Para eso ya hay en España, alrededor de 360.000 personas dadas de alta en el Sistema Especial para Empleados de Hogar de la Seguridad Social.

“El objetivo del servicio de domicilio no es tener la casa perfecta, es que la persona esté atendida, cuidada y en condiciones dignas”, sostiene. Su argumento es que las tareas deben guardar relación con la finalidad asistencial: “Si no está en la ley, no es porque se les haya olvidado, es porque no forma parte del servicio”.

El problema aparece cuando la realidad diaria se aleja de ese principio. María señala hacia los pliegos utilizados por las administraciones para establecer las características concretas de los servicios municipales.

“A veces por cómo se redactan puede llegar a haber confusión, otras por presión y otras, seamos claros, por quedar bien y por contentar a los usuarios”, denuncia.

La situación afecta a un sector formado mayoritariamente por mujeres. Como referencia de la dimensión del empleo relacionado con los cuidados domésticos, España cerró 2024 con, también ampliamente feminizado.

Los pliegos pueden determinar las tareas que terminan realizándose

La auxiliar explica que existe un momento especialmente importante: cuando se negocian y publican las condiciones que regularán el servicio.

“Cuando ese pliego se está negociando o se publica, se puede impugnar. Ese es el momento clave”, señala. En ese proceso pueden intervenir diferentes actores: “Ahí pueden actuar sindicatos, comités de empresa o empresas”.

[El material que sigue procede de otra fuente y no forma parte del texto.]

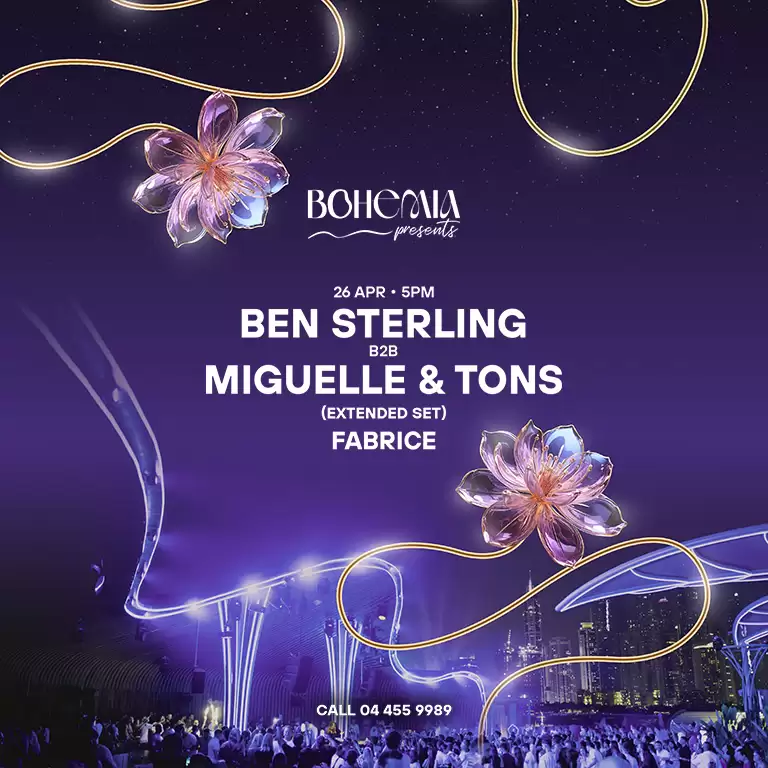 Ben Sterling b2b Miguelle & Tons in Dubai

Pero la experiencia cotidiana, asegura, suele ser bastante diferente. “Muchas veces la realidad es otra. Esos pliegos se publican, se da el visto bueno y muchas veces cuando los trabajadores se enteran es cuando ya está aprobado y el servicio en funcionamiento”.

Una vez firmado, la empresa exigirá normalmente las prestaciones contempladas en el contrato. Eso, según María, no elimina los derechos laborales de quienes deben ejecutarlas. “Como trabajador se tiene derecho a denunciar cómo te obligan a trabajar, porque una cosa es el pliego y otra muy distinta tus condiciones laborales”, advierte.

“No denuncias el pliego, denuncias lo que se está haciendo”

El problema puede adquirir otra dimensión cuando determinadas tareas provocan una carga laboral excesiva o generan riesgos para la salud.

“Si esas limpiezas implican sobrecarga, falta de tiempo, riesgo físico o tareas que no corresponden, eso sí se puede denunciar”, afirma María. Entre las vías que menciona se encuentran la Inspección de Trabajo, Prevención de Riesgos Laborales y las organizaciones sindicales.

La experta resume su posición: “Esto no va de limpiar casas, va de cuidar personas y eso también implica cuidarnos nosotros”.

“Somos profesionales, no somos servidumbre”

María también rechaza que familiares o usuarios puedan considerar a las auxiliares responsables de cualquier tarea doméstica. “No somos las criadas de la familia. No estamos para planchar la ropa ni para limpiar las zapatillas. Estamos para cuidar a la persona usuaria dentro de las funciones que marca el servicio”.

Por eso reclama respeto para quienes desempeñan esta actividad. “Somos profesionales, no somos servidumbre”, insiste- Y pide a sus compañeros que tampoco asuman como normales determinados comportamientos durante su jornada. “Decir ‘esto no entra dentro de mis funciones’ nunca puede justificar una falta de respeto”.